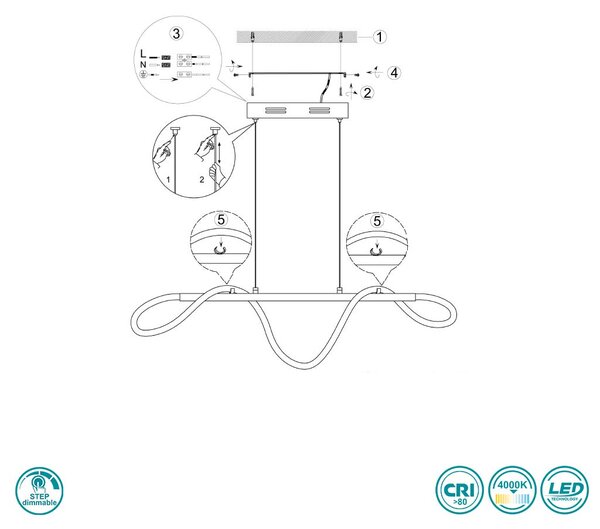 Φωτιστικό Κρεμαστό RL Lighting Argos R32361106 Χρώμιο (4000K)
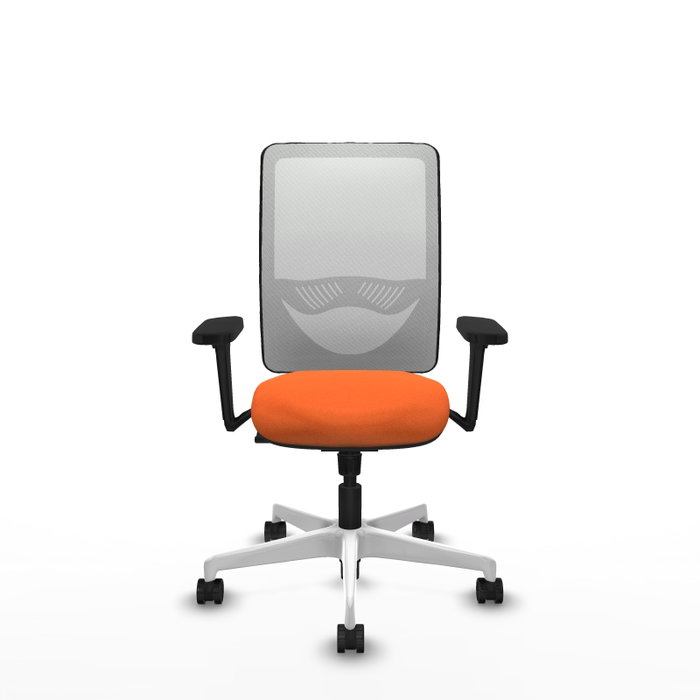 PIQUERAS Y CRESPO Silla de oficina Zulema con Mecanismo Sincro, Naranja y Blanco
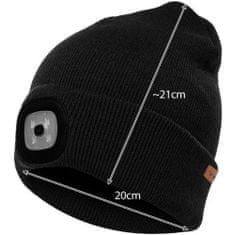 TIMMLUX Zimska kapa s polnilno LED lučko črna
====
**What you should do**.
Top to bottom, retype the listing exactly but drop every picture.

**Exercise result**.
 Φωτιστικό Κρεμαστό RL Lighting Argos R32361106 Χρώμιο (4000K)
 PIQUERAS Y CRESPO Silla de oficina Zulema con Mecanismo Sincro, Naranja y Blanco
 TIMMLUX Zimska kapa s polnilno LED lučko črna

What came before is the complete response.